EXERCISE DESCRIPTION | Repeat the listing word for word. Leave every picture out.

DATA SECTION |
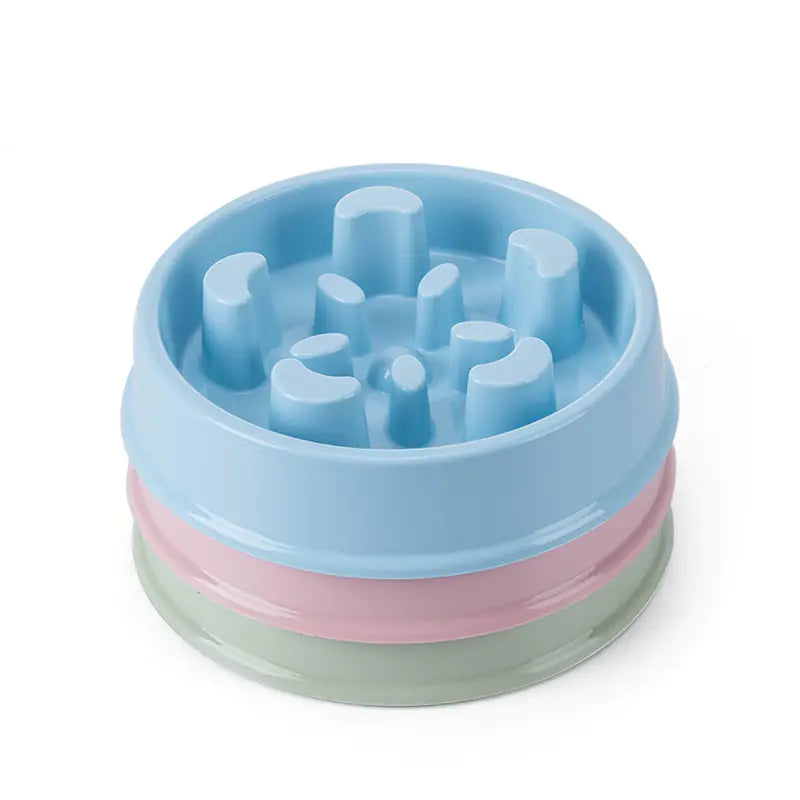 Slow Feeding Dog Bowl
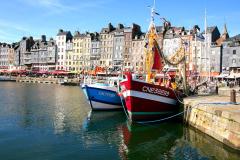 bassin-honfleur-logicimmo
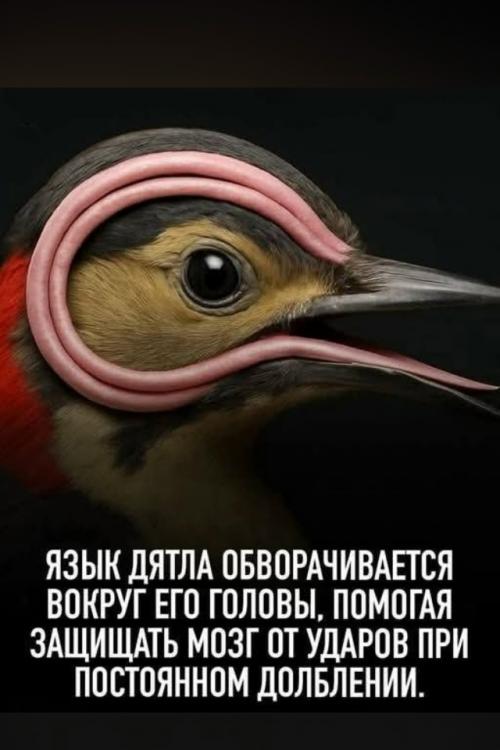 Язык дятла - необычный природный механизм.  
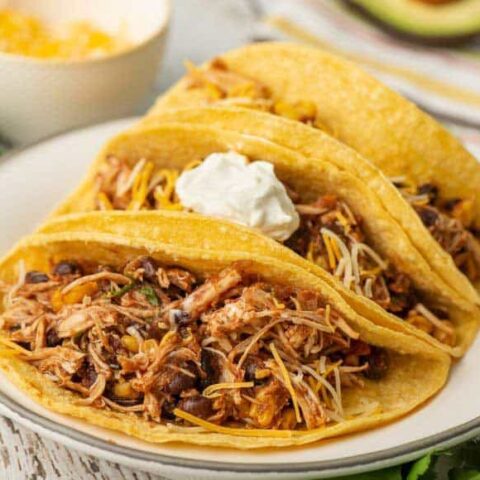 three shredded chicken tacos on a white plate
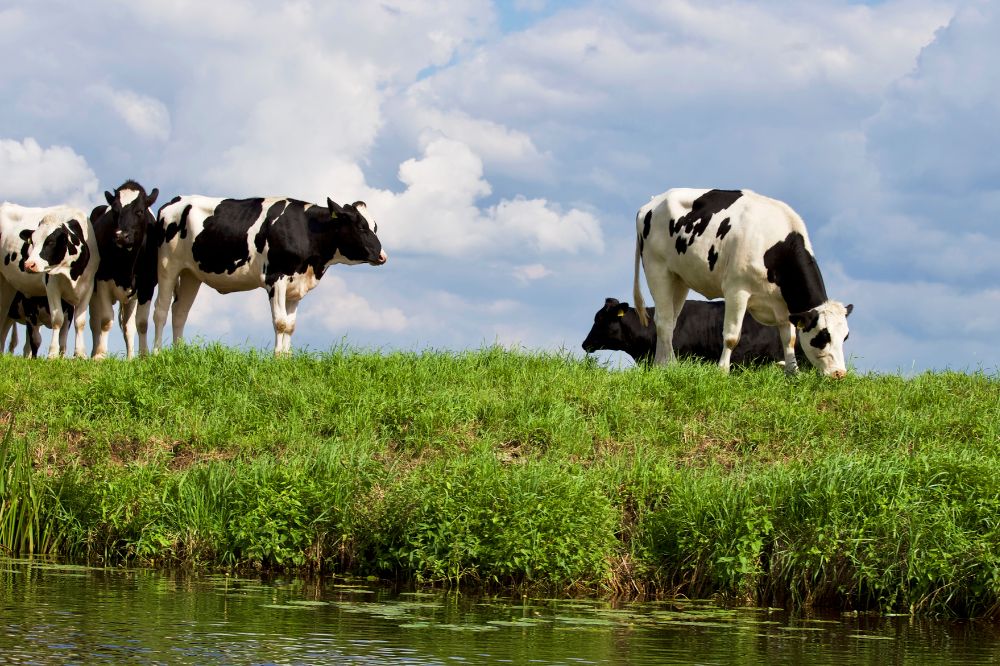 Nieuwe regels maken samenwerking akkerbouwer melkveehouder aantrekkelijker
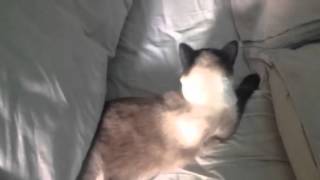 Chat qui dort sous la couette [upl. by Relyt]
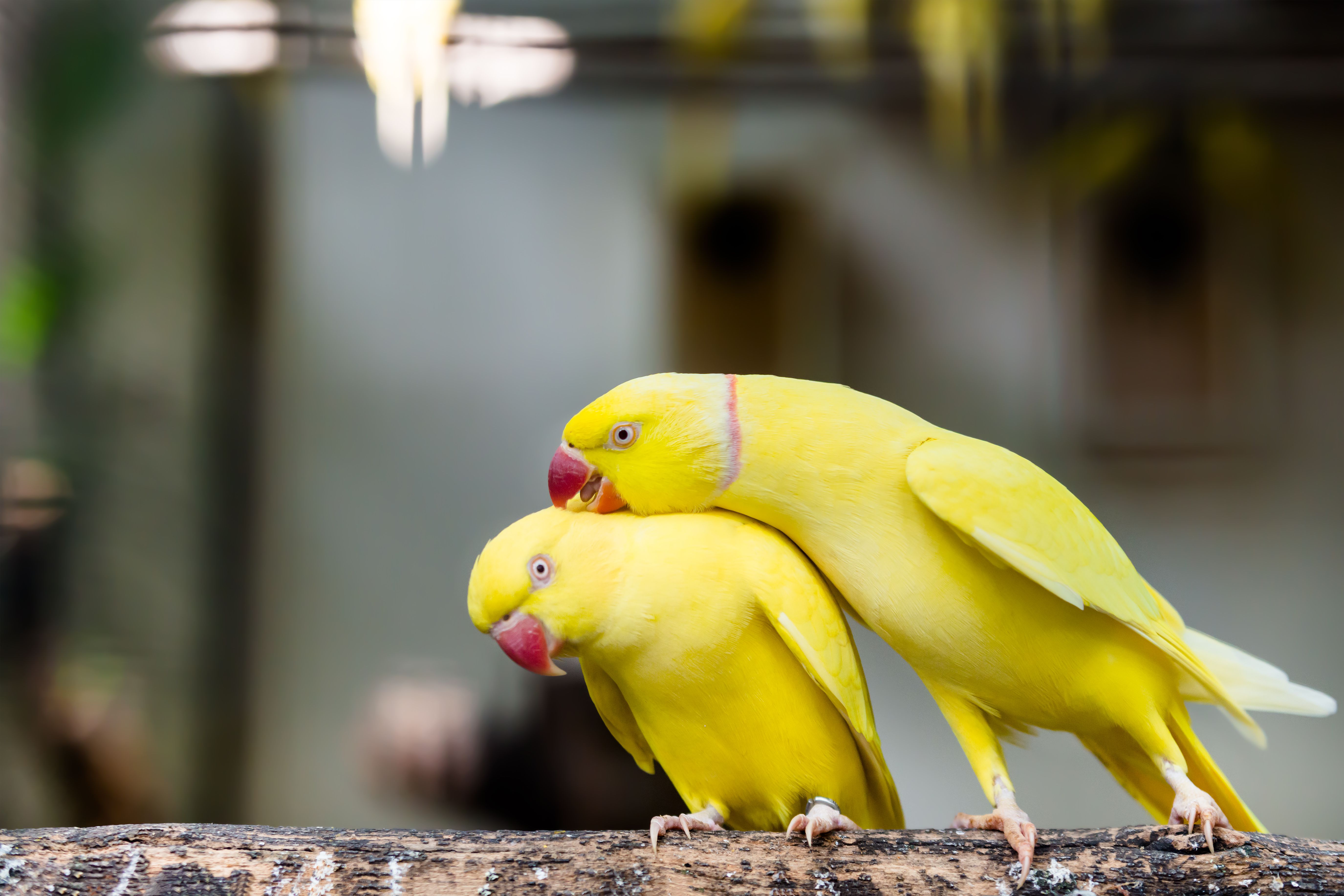 Deux perruches à collier jaune se tenant sur une branche dont l'une prenne soin de l'autre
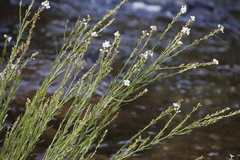 Gomphostigma virgatum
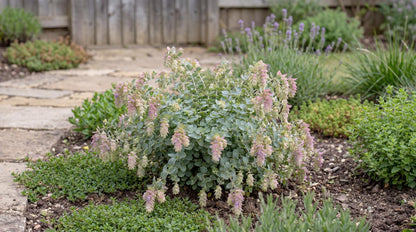 Kent Beauty Ornamental Oregano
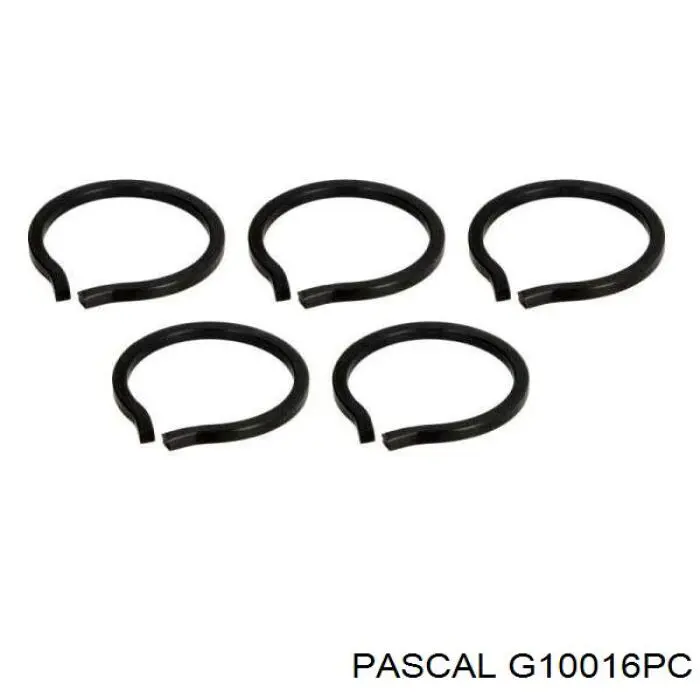 G10016PC Pascal junta homocinética exterior delantera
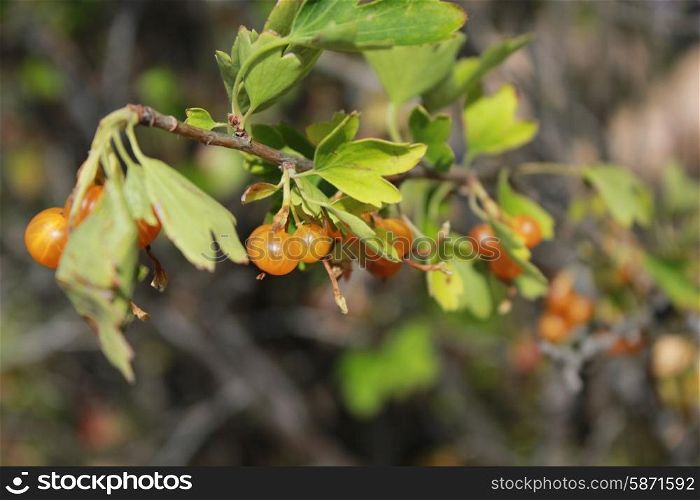 Yellow currants on bush 18447. Yellow currants on bush branches between leaves close up 18447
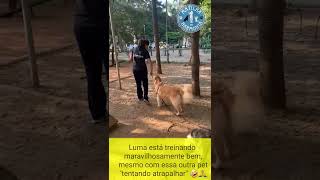 Golden treinando na praça e outra cachorrinha como distração 😁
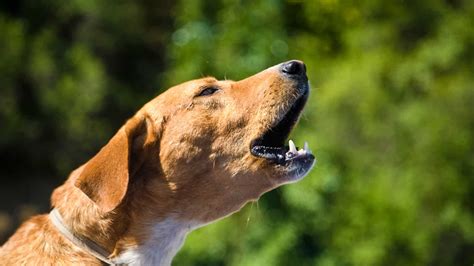 How To Get A Neighbors Dog To Stop Barking Mute That Mutt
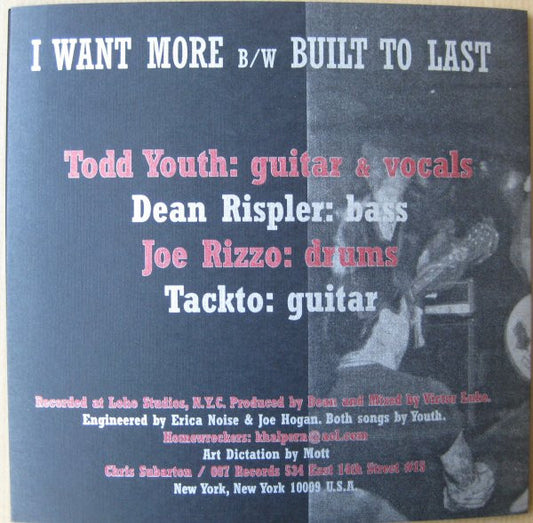 Homewreckers (2) : I Want More B/W Built To Last (7",45 RPM,Single,Limited Edition)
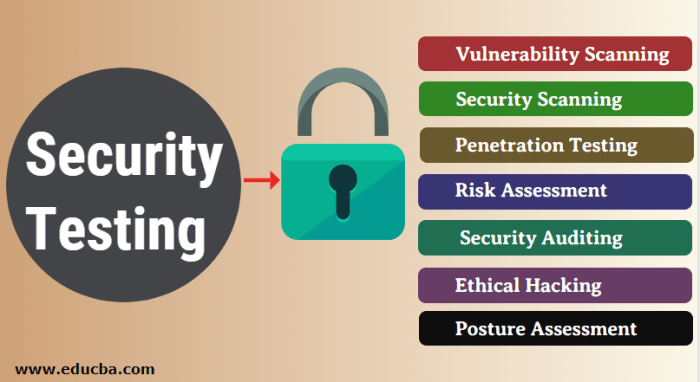 The importance of Security Testing in co-development software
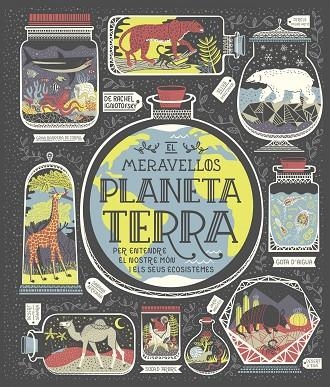 El meravellós planeta Terra | 9788491378778 | Ignotofsky, Rachel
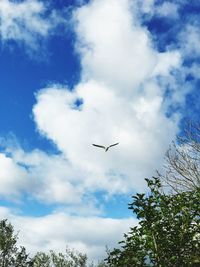 Low angle view of birds flying in sky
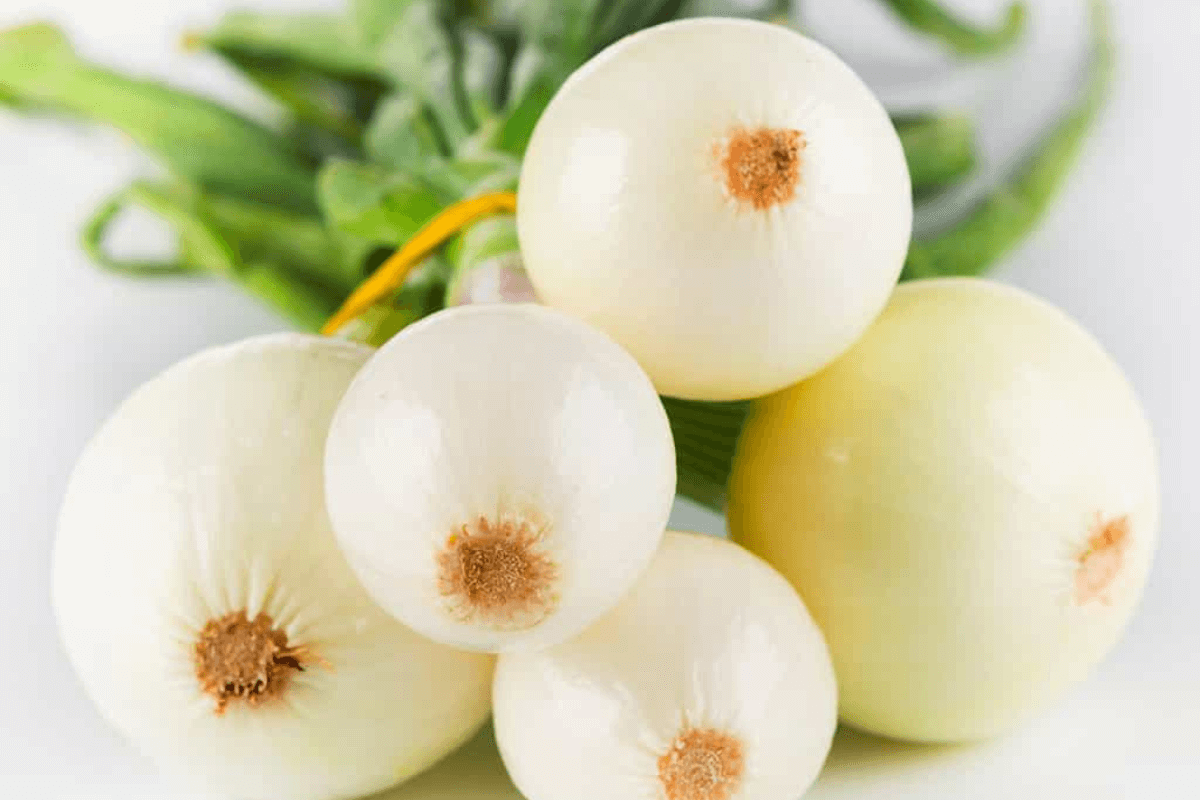 tipos de cebolla
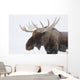 An elk with snow on it's fur Wall Mural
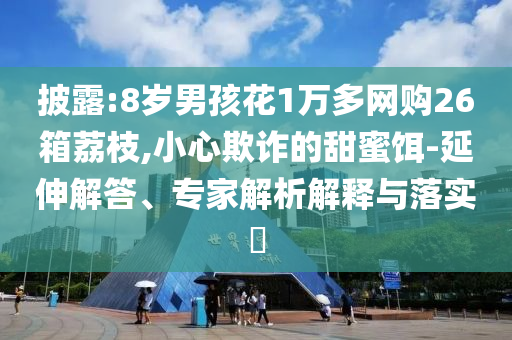 披露:8歲男孩花1萬(wàn)多網(wǎng)購(gòu)26箱荔枝,小心欺詐的甜蜜餌-延伸解答、專(zhuān)家解析解釋與落實(shí)?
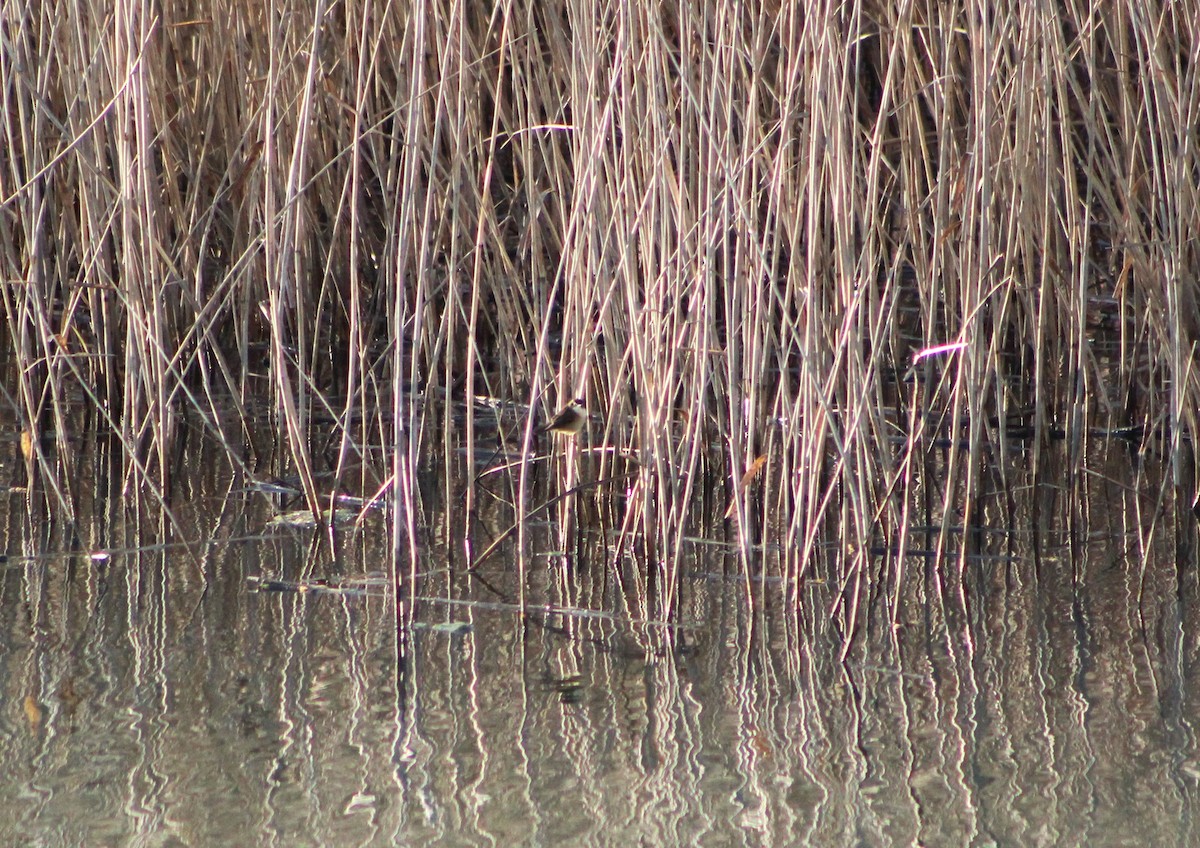 Common Reed Warbler - ML634548504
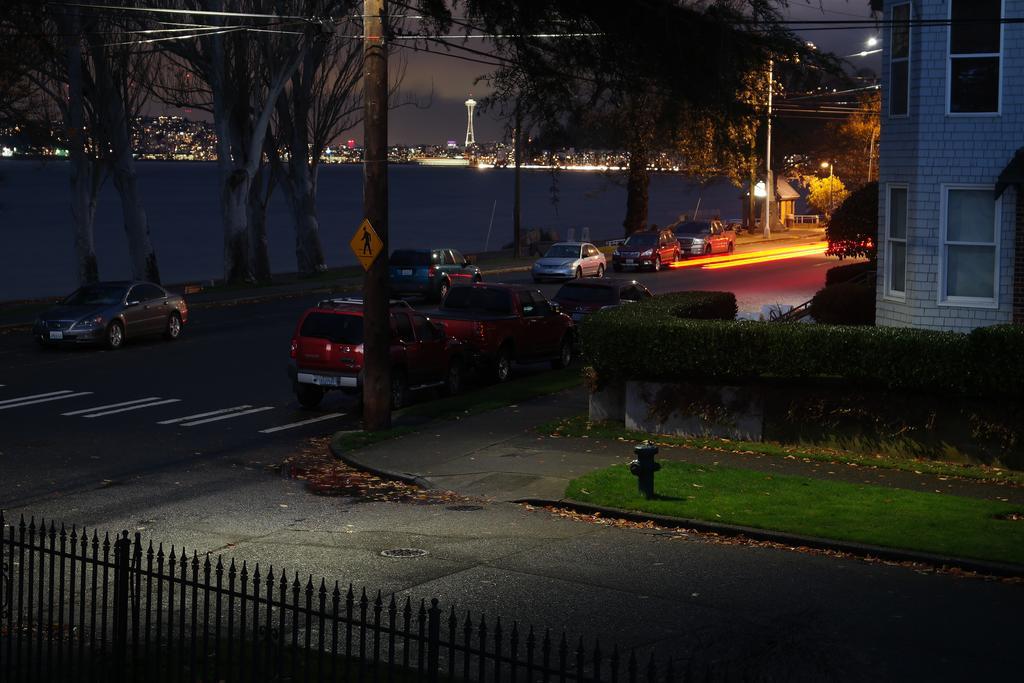 Alki Magpie Seattle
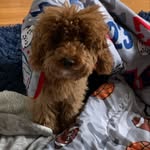 Bailey Valentino 🐾 - @bailey_valentino - Instagram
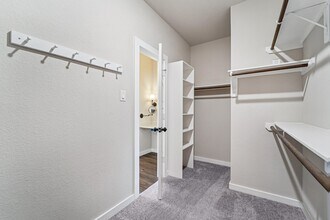 Building Photo - 15011 Red Buckeye Dr Building Photo - 15011 Red Buckeye Dr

REPLY |
 Slow Feeding Dog Bowl
 bassin-honfleur-logicimmo
 Язык дятла - необычный природный механизм.  
 three shredded chicken tacos on a white plate
 Nieuwe regels maken samenwerking akkerbouwer melkveehouder aantrekkelijker
 Chat qui dort sous la couette [upl. by Relyt]
 Deux perruches à collier jaune se tenant sur une branche dont l'une prenne soin de l'autre
 Gomphostigma virgatum
 Kent Beauty Ornamental Oregano
 G10016PC Pascal junta homocinética exterior delantera
 Yellow currants on bush 18447. Yellow currants on bush branches between leaves close up 18447
 Golden treinando na praça e outra cachorrinha como distração 😁
 How To Get A Neighbors Dog To Stop Barking Mute That Mutt
 Homewreckers (2) : I Want More B/W Built To Last (7",45 RPM,Single,Limited Edition)
 The importance of Security Testing in co-development software
 El meravellós planeta Terra | 9788491378778 | Ignotofsky, Rachel
 Low angle view of birds flying in sky
 tipos de cebolla
 An elk with snow on it's fur Wall Mural
 披露:8歲男孩花1萬(wàn)多網(wǎng)購(gòu)26箱荔枝,小心欺詐的甜蜜餌-延伸解答、專(zhuān)家解析解釋與落實(shí)?
 Common Reed Warbler - ML634548504
 Alki Magpie Seattle
 Bailey Valentino 🐾 - @bailey_valentino - Instagram
 Building Photo - 15011 Red Buckeye Dr Building Photo - 15011 Red Buckeye Dr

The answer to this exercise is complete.